Are there any funny or dangerous situations you have encountered so far?
It’s always dangerous when people are not expecting a camera crew to show up.
At times people try to be defensive, but they also enjoy the idea of being on TV so they do or say silly things. I have to keep a straight face and it gets really difficult when I hear my crew giggling behind me.
We have a bodyguard by the name of Breaker. It took a while to get used to him, but I definitely feel a lot safer when he’s around.
Do you laugh it off when other people find it strange that you speak Afrikaans fluently?
I’ve become used to it. People are more shocked when I switch to the vernacular because they see me speak Afrikaans on TV most of the time.
I grew up in a diverse family where everyone spoke English, isiXhosa and Afrikaans all the time.
Do you find yourself being approached by the public asking for help?
All the time!
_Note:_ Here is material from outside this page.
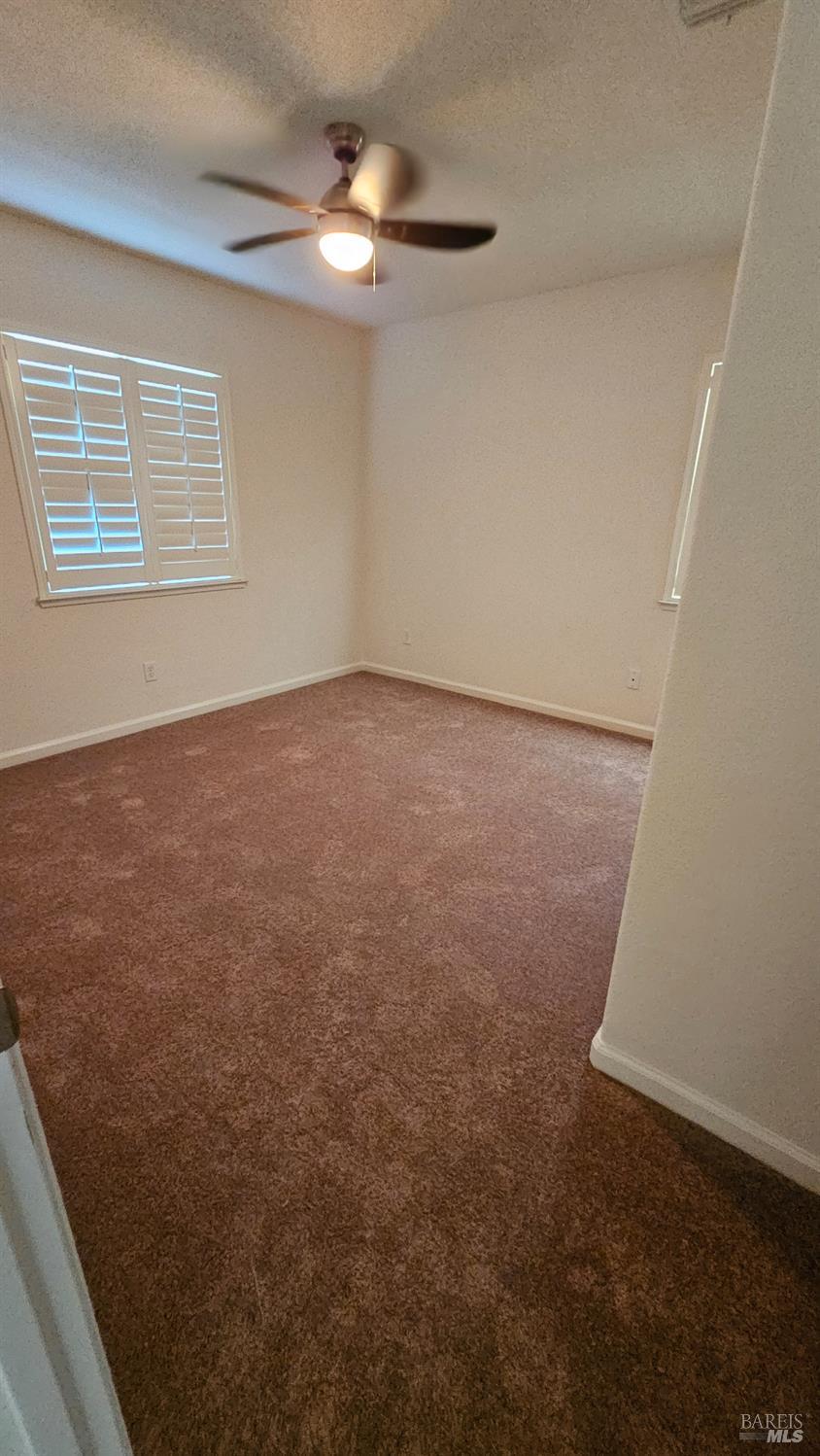 Detail Gallery Image 20 of 29 For 5342 Gramercy Cir, Fairfield,  CA 94533 - 4 Beds | 3/1 Baths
But I try and explain to people who they need to contact and that there are channels they need to follow.
It’s the one part of the job I didn’t think about, but it has certainly humbled me.
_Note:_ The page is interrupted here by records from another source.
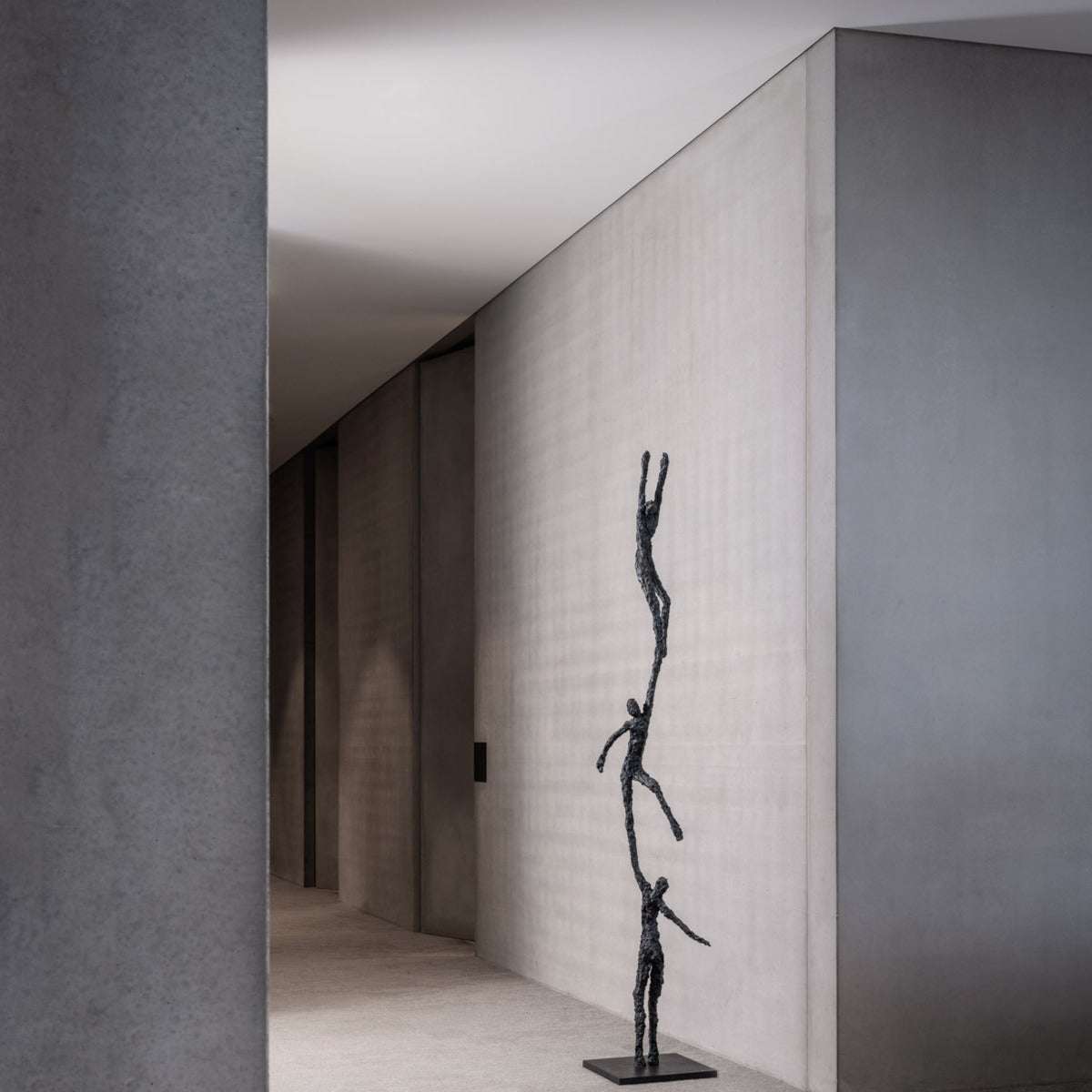 Bronzeskulptur "To Grab" von Ann Vrielinck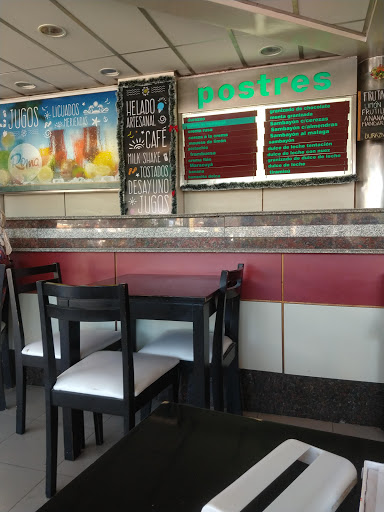 Heladería Chescolatte - Ice cream shop en Ituzaingó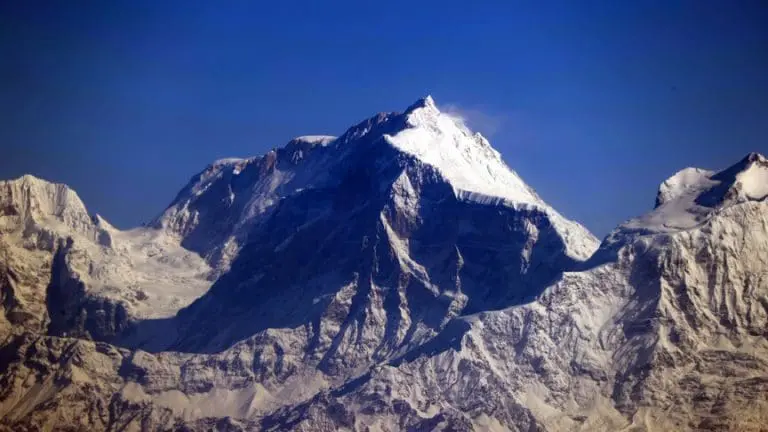 Popeo Mount Everest bez obje noge i ušao u istoriju (VIDEO)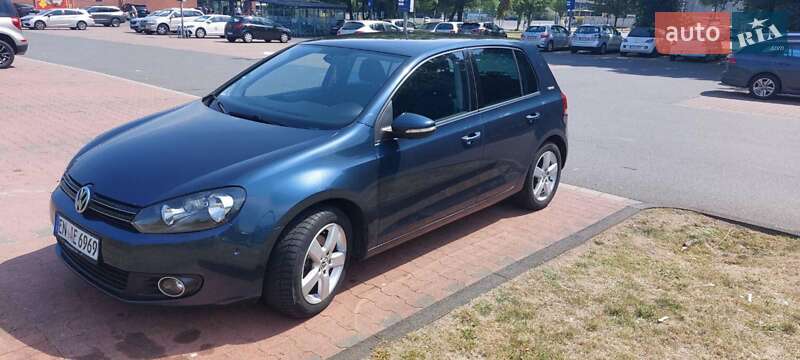 Хетчбек Volkswagen Golf 2011 в Стрию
You’ve been singing since a young age. Do you harbour any intentions of recording your own album?
I used to sing long before I started acting and I once tried to pursue a singing career, but it didn’t work out.
There’s no way I would ever want to go through that kind of stress and turmoil again.
Is Alice ever going back to 7de Laan or is she a closed chapter in your life?
Sadly, she’s not returning. But South Africa will always know me as Alice first, then Vuyelwa.
I was on holiday in Mossel Bay and because the place is very small, everyone knew Alice was in town.
Even when I was out with friends people would come up to me, scold me saying: ‘What will Mandla say?’.
How did you feel when you heard Alice’s role was going to end?
I was terrified because I had nothing planned. But God’s timing is always perfect and just as I was finishing up the show, Speak Out came along.
What do you do when you’re not working?
When I’m not spending time with loved ones or running errands, I love reading books.
I’m very boring, I don’t like going out to events and having to dress up. I like to stay at home in my pyjamas in front of the TV.
Is there anything you still want to achieve?
I want to go back to the United States to work and study.
I was there for a year through a sponsor, but my film acting studies fell through. I believe it’s a journey in my life I need to complete.
What’s the most important thing you have learnt about yourself since doing Speak Out?
I’m more headstrong than I thought I was.
And I didn’t know I had this ability to challenge myself.
I’ve grown so much and I’m very proud of myself.